(Short descriptive text snippets)

________________________________________

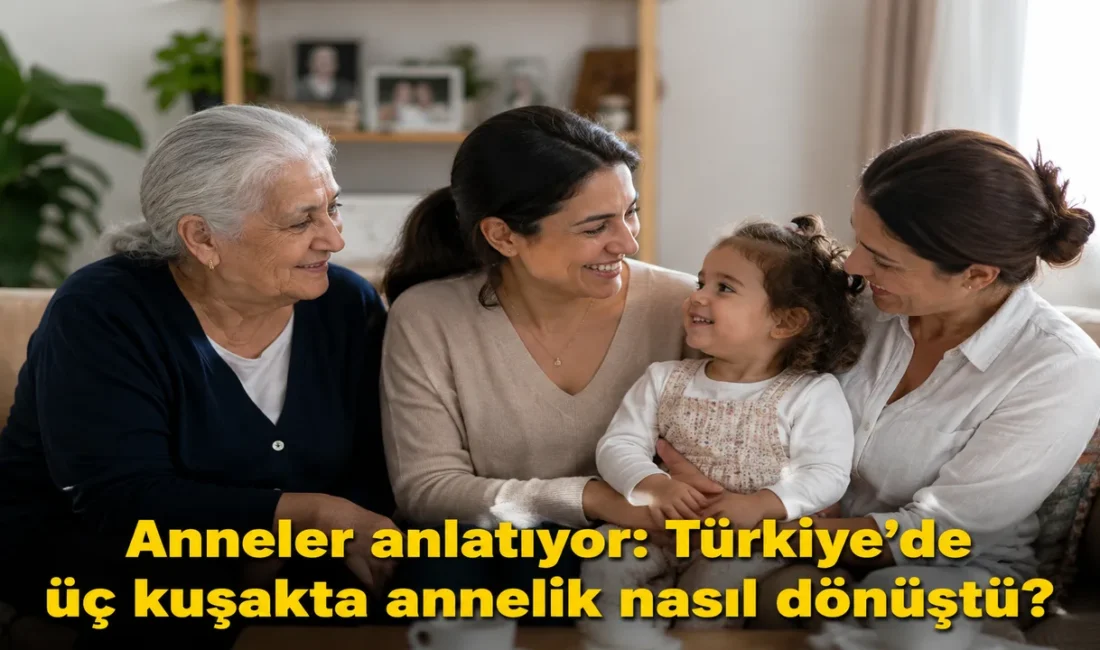 Türkiye’de annelik deneyimi üç kuşak içinde önemli ölçüde değişti. Önceki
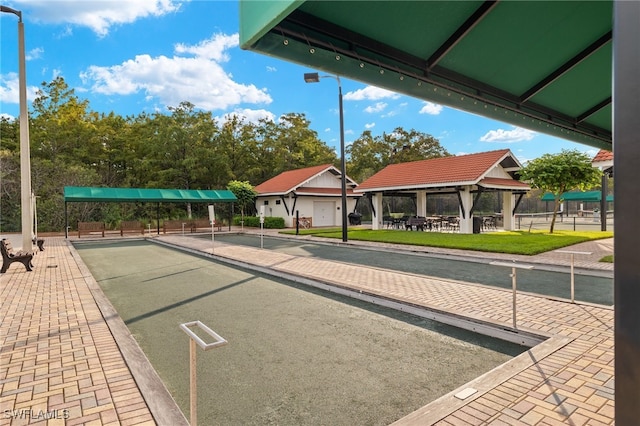 view of property's community with a gazebo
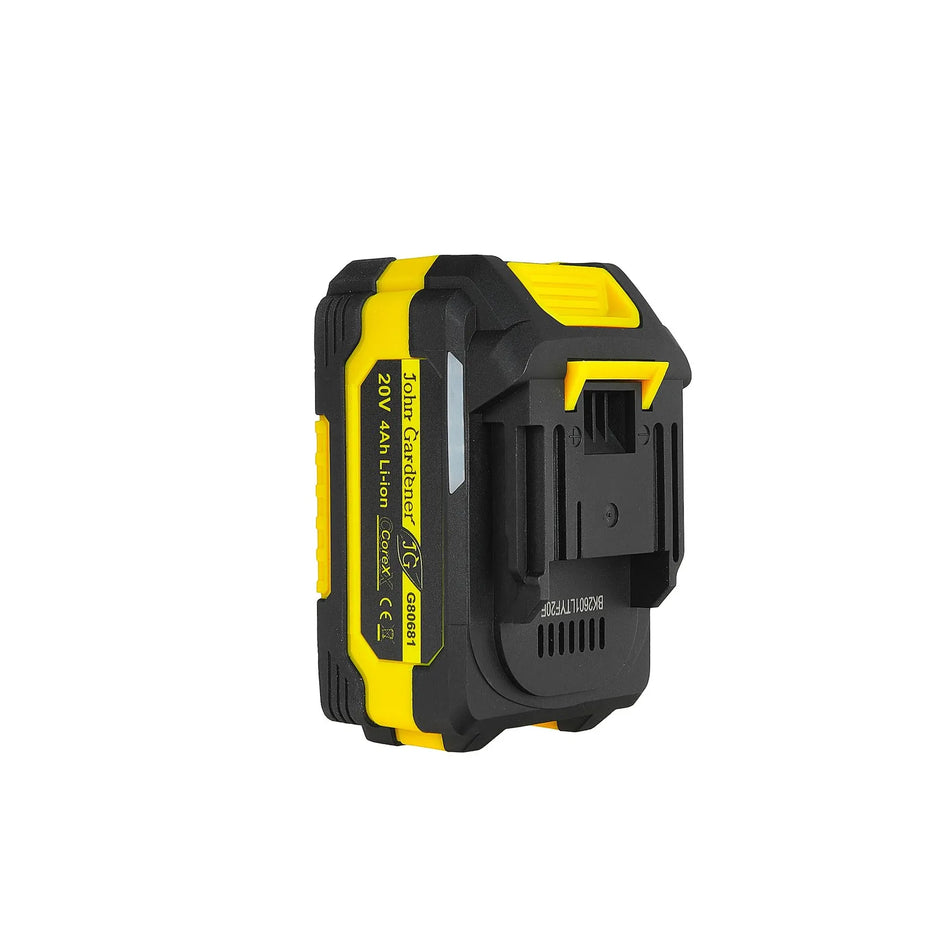 John Gardener Accu CoreX 20 V 4.0 Ah Li-Ion oplaadbaar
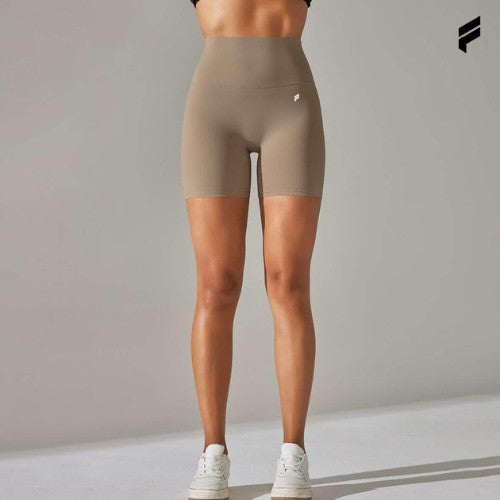 FLEXE- Woman Shorts Seamless Bottom Yoga Pilates Fitness Workout Gym Breathable Peach Hip Short Legging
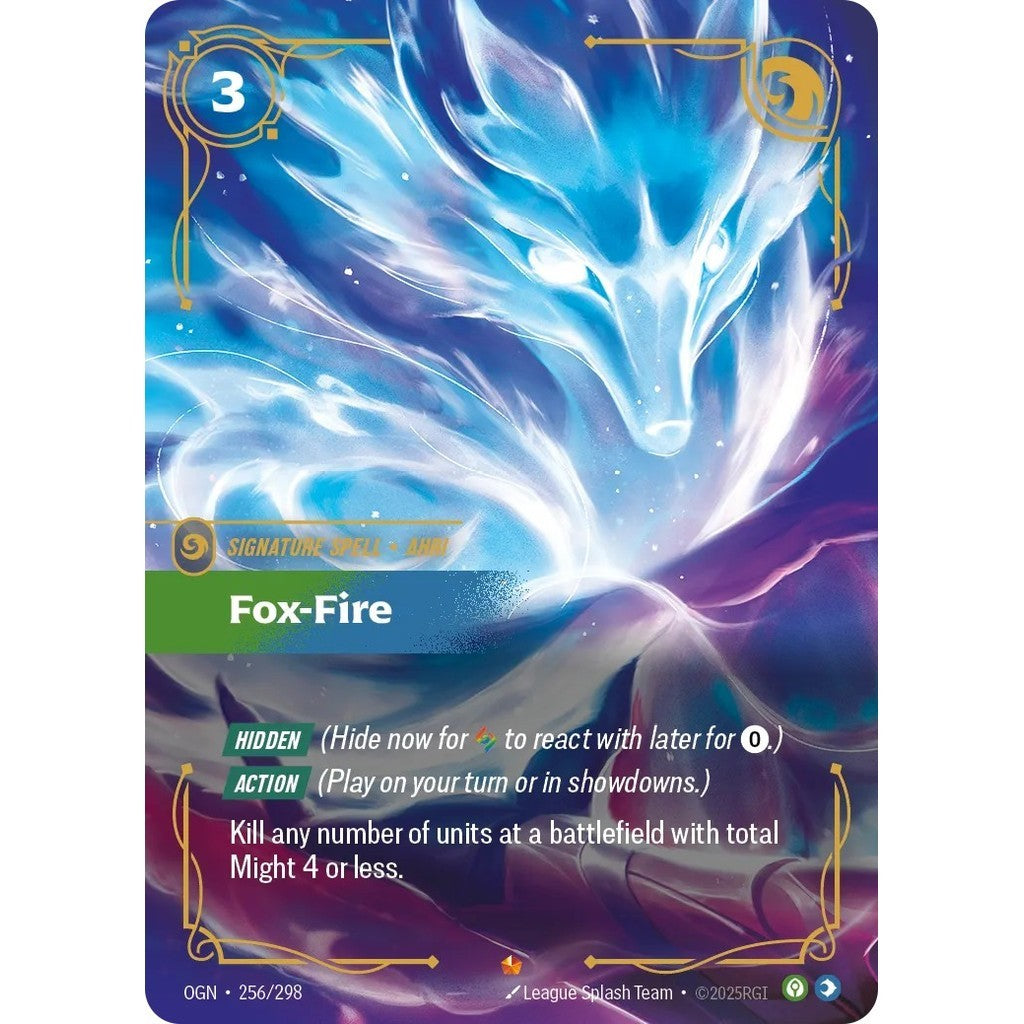 OGN_256 FOX-FIRE * Riftbound TCG - Origins * Calm Spell Epic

________________________________________

• _Brief_
Once the pictures are set aside, write out each record exactly.

• _Exercise output_
 Türkiye’de annelik deneyimi üç kuşak içinde önemli ölçüde değişti. Önceki
 view of property's community with a gazebo
 John Gardener Accu CoreX 20 V 4.0 Ah Li-Ion oplaadbaar
 FLEXE- Woman Shorts Seamless Bottom Yoga Pilates Fitness Workout Gym Breathable Peach Hip Short Legging
 OGN_256 FOX-FIRE * Riftbound TCG - Origins * Calm Spell Epic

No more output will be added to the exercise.